Is My Hometown a Place Where Humans Thrive?

When I visited Copenhagen last summer, what stood out most was the city’s ubiquitous bike culture; for every car, there were nearly 10 bikers in the wide and well-designed bike lanes, regardless of the weather conditions. However, soon after, I returned to my hometown in the suburbs of Braselton, Georgia – a community characterized by a less healthy lifestyle.

 

In his TedX speech “Healthy Human Habitats,” Howard Frumkin emphasizes active lifestyles and clean air and water as two of the most critical components to healthy living and a thriving community.

 

According to the World Health Organization (WHO), air quality acts as an environmental hazard on public health. Those in areas of high air pollution are at an increased risk of respiratory diseases, heart diseases and lung cancer. Likewise, a sedentary lifestyle results and an increased risk of colon cancer, according to a University of Queensland study.

 

I am perhaps most disappointed in how my hometown compares to these standards. With a high school of over 4,000 people, my community experienced high levels of traffic in both the mornings and afternoons. It was uncommon for anyone to ride buses after finishing their sophomore year, and few students carpooled, resulting in thousands of cars commuting each morning.

 

Not only did this aspect of Braselton negatively affect air quality, but it also encouraged a sedentary lifestyle. My peers and I sat in our cars for 45 minutes of traffic, waiting to arrive at school. According to the Environmental Protection Agency’s (EPA) 2015 Toxic Release Inventory (TRI), Georgia ranks 18 out of 56 states/territories in the United States for total toxic chemicals released per square mile.

 

In contrast, I am proud of Braselton for the many healthy aspects it has within its community. According to Frumkin, areas for social interactions are essential to towns where humans thrive. Nearly every morning, I bring my dogs running with me through Mulberry Park, a local park with lakes as well as miles of paved and unpaved trails for runners, horseback riders and hikers. I began to find a community of individuals who also visited the park regularly. These individuals shared a similar interest in living an active lifestyle and understood the importance of protecting our environment.

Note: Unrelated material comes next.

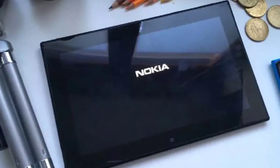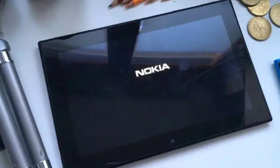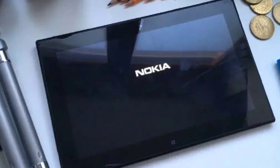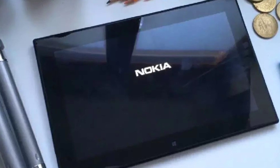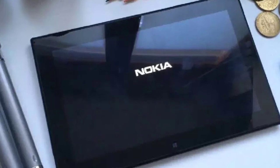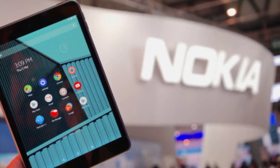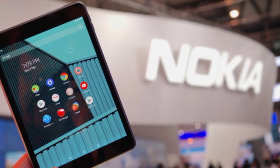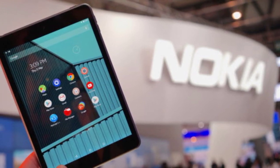There is a model called Nokia T20. If you compare it, there is also a G50 5G model. You can compare the Nokia T20 tablet with a TA-1399 and a G55G model.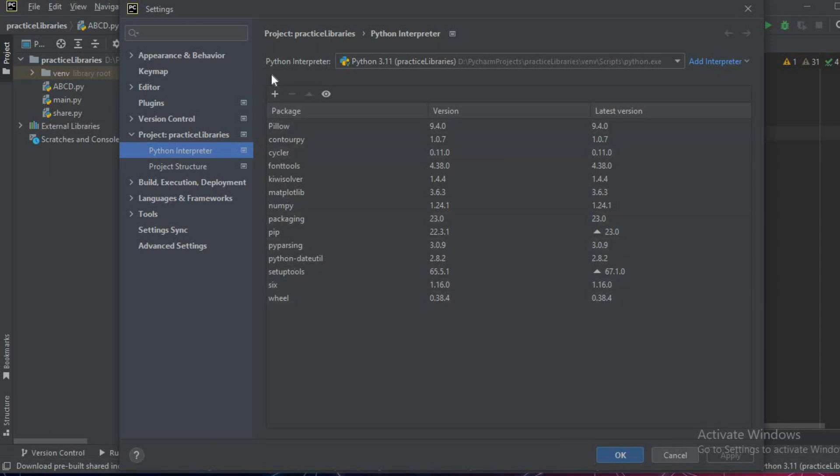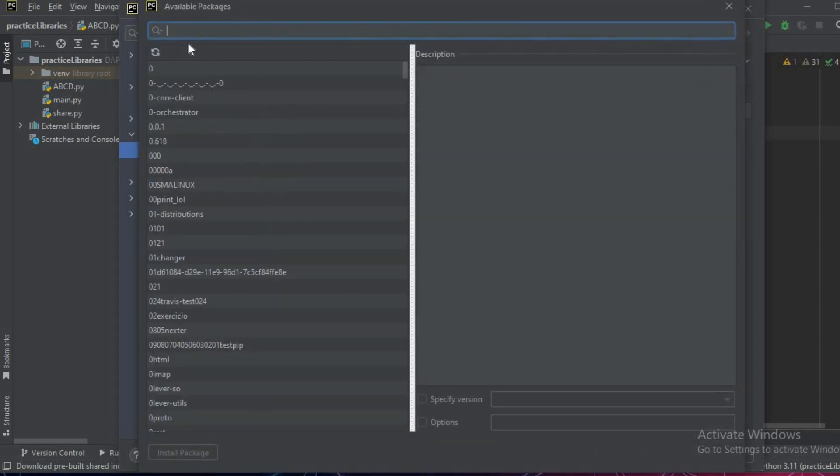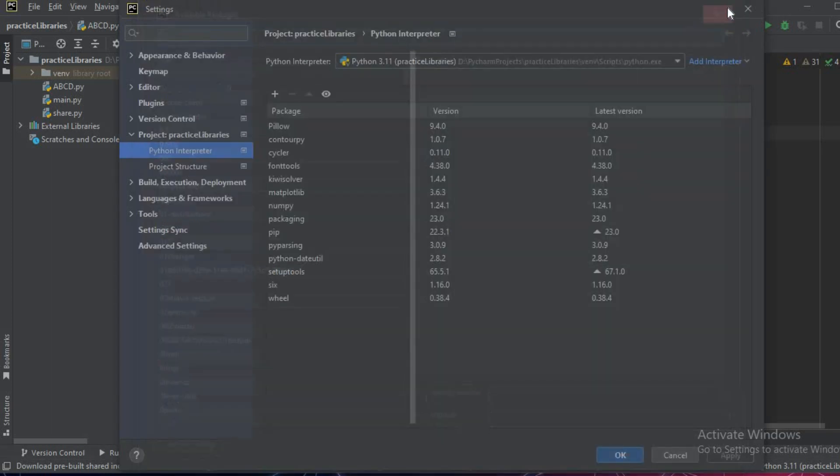If you do not have these libraries, you can use the File Settings and then you can see the packages. You can add the packages from the plus symbol that you can see.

Mulberry Park also hosts 5K races regularly, and I have found that these are incredibly effective ways to engage our community in healthy ways.

Mulberry Park allows me to get fresh air and exercise to stay healthy.
Every weekend I go running with my dogs through the trails at Mulberry Park.

 

Sustainable food and diverse diets, too, are critical. Braselton more than meets this expectation by providing a local garden where community members can volunteer to harvest crops and plant vegetables to eat later. This garden decreases air pollution by limiting the distance over which the food must be transported, and it allows consumers to understand where their food is coming from and which pesticides, if any, are used on them. Awareness of these factors allows the public to understand how sustainable food choices can affect their health.

 

According to the WHO, health is “a state of complete physical, mental and social well-being and not merely the absence of disease.” I envision Braselton improving the overall health of its people by planning for a more pedestrian-friendly layout for the city in the future, like my former hometown of Greenville, South Carolina, and by encouraging modes of public transportation by making them more widely accessible. By meeting these goals, the city will be able to effectively live up to and even exceed the WHO’s definition of health. According to the EPA’s 2015 TRI, Braselton has significantly decreased its release of toxic chemicals from 20 pounds in 2013 to only 5 pounds in 2015, partially due to the reduction of asbestos, or toxic minerals used to construct buildings. Small steps such as these suggest that Braselton is well on its way towards positive change. 

Citations:

“Constitution of WHO: Principles.” World Health Organization. Web. 01 Feb. 2017.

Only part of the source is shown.